Photographie prise en vue plongeante du haut d'une montagne russe.

Être réellement au travail, sentir que quelque chose s’étire et s’inscrit en nous, qu’il y a un mouvement de sédimentation : ce n’est pas évident. J’aimerais toujours y être un peu plus, et en même temps une certaine procrastination m’en tient souvent à l’écart.

Les montagnes russes

Au fond, pour moi, travailler ça a toujours été une histoire de montagnes russes : quand tout va bien, au sommet de la montagne, rien ne m’atteint à part le vent dans mes cheveux, « tout roule », je plane, mais je n’accomplis pas grand-chose.

Et puis c’est la chute, qui m’emmène très bas, au creux d’un certain mal-être, où le wagon n’avance même plus de lui-même.

Il ne me reste alors plus qu’à l’actionner pour remonter la pente : méditer plus, lire plus, écrire plus, pour gagner plus (ou moins…), dans un sursaut de survie un peu court de vue.

En dehors du côté un peu sysiphéen de ce cheminement, le problème est surtout que je n’avance que par réaction, en tentant de traiter un inconfort précis, plutôt qu’en étant en rapport à mon aspiration profonde.

Retrouver l’aspiration

Bien que j’aie compris assez rapidement comment le geste de Foutez-vous la paix ! nous aide, en dégageant radicalement mais sans violence ce qui obstrue notre rapport à la vie, j’ai eu longtemps du mal à le sentir s’installer dans ma pratique. C’est un chantier encore en cours, mais je crois quand même avoir touché le fait que cet acte m’aide à cheminer autrement qu’en me laissant couler de bas en haut.

Plutôt que de tout de suite réagir à la chute en ré-actionnant le wagon, je ne fais rien, voire même j’en descends et vais explorer les alentours. Je suis peut-être encore dans le parc d’attractions, mais certainement un peu plus libre, un peu plus proche de la frontière.

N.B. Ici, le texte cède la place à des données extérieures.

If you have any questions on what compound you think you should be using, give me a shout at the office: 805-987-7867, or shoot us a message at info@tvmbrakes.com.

Les sensations, le rapport à la terre et au ciel n’ont plus rien à voir, je ne m’accroche plus à ces différences d’altitude pour sentir que quelque chose se meut en moi. Voir, sentir, s’asseoir ou  écrire, ne sont plus des actes dont je guette les effets, mais plutôt les différents pas d’une drôle de danse avec le monde.

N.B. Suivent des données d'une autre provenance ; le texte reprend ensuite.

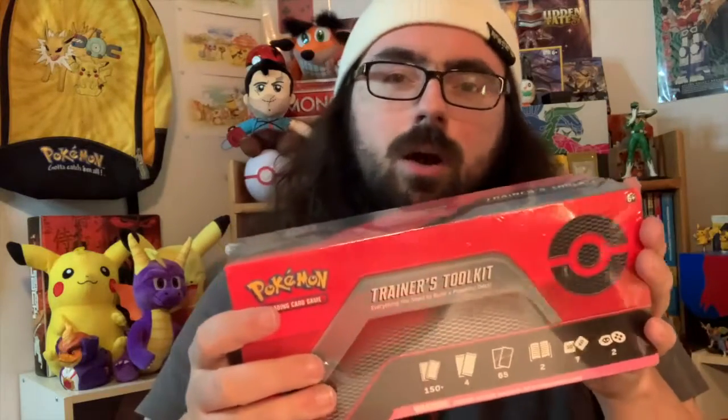I'm excited to open this because I know it comes with two Dedenne special cards, some other special trainer cards, sleeves, some of the stuff you see in an elite trainer box but cheaper, and it comes with four packs. Not sure what packs they are, and I don't know what the sleeves look like. I'm excited to open it.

Plus besoin alors de jauger sans cesse ma mise au travail, montre et cahier des charges en main. En me foutant la paix, je peux faire confiance à mon aspiration profonde, m’y consacrer, et tout ce qui survient dans ma vie peut être inclus dans ce mouvement.

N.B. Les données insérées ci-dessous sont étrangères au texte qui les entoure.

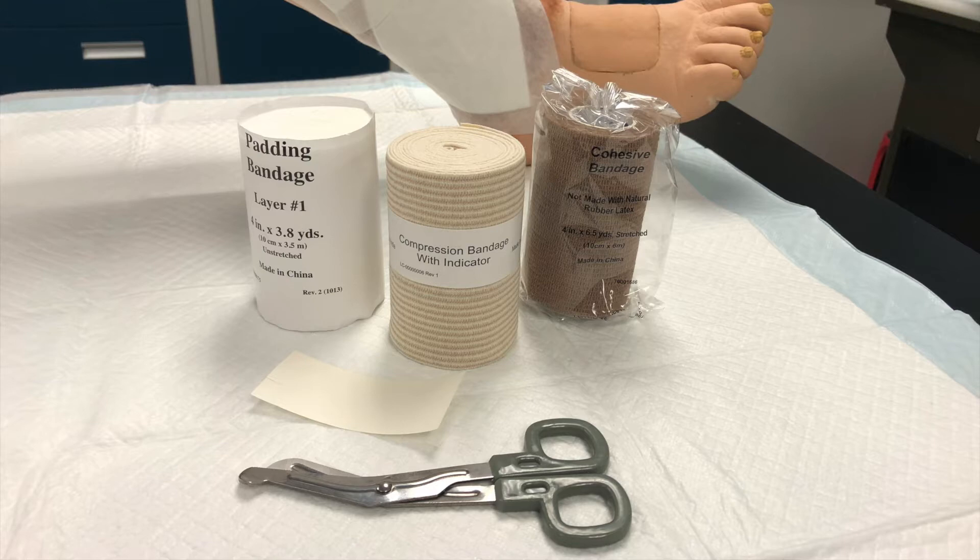3Press should be applied by personnel that has received training on the proper application of the system. Before applying the first bandage, check the ABPI to determine if arterial disease is present. If the ABPI is less than 0.8, do not apply the system.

J’apprends à laisser être les difficultés autant que les moments de réussite, de manière équanime, pour que tout puisse participer de ce terreau riche et délicieux dont éclora la fleur.

Martin Monin

Paris

1 commentaire
  1. Francine VANDROMME dit :

    Cher Martin, merci pour cette belle image du wagon. je me souviendrai de descendre du wagon plutôt que de passer d’un wagon à l’autre. Je suis tombée sur cet article alors que j ‘essayais de retrouver ton interview de Betsy Parayil-Pezard qui m’a beaucoup interessée. J’ai commencé la lecture de son livre. J’ai travaillé pendant 20 ans dans un centre d’hébergement et de réinsertion sociale, animé des groupes de paroles pour des femmes victimes de violence, et j’ai pris récemment contact avec la psychologue de cet établissement pour lui proposer une introduction à la pratique de la méditation pour les travailleurs sociaux et pour les personnes accueillies, et si cela a un écho la mise en place d’un groupe de pratique. Cela doit faire son chemin et être accepté par le nouveau directeur qui sera nommé dans les mois qui viennent. Pourrais tu m’adresser ton interview (je n’arrive pas à la retrouver), et si tu as d’autres pistes ou contacts qui puissent nourrir ma réflexion cela m’aiderait à avancer dans ce projet d’une « pratique engagée ». L’idée de transmettre aux séniors m’a attirée mais c’est en y réfléchissant plus avant, que j’ai pensé que le public auquel je sentais que javais quelque chose à transmettre est celui avec lequel j’ai travaillé durant de longues années.
    Très belle année, Martin, riche et lumineuse.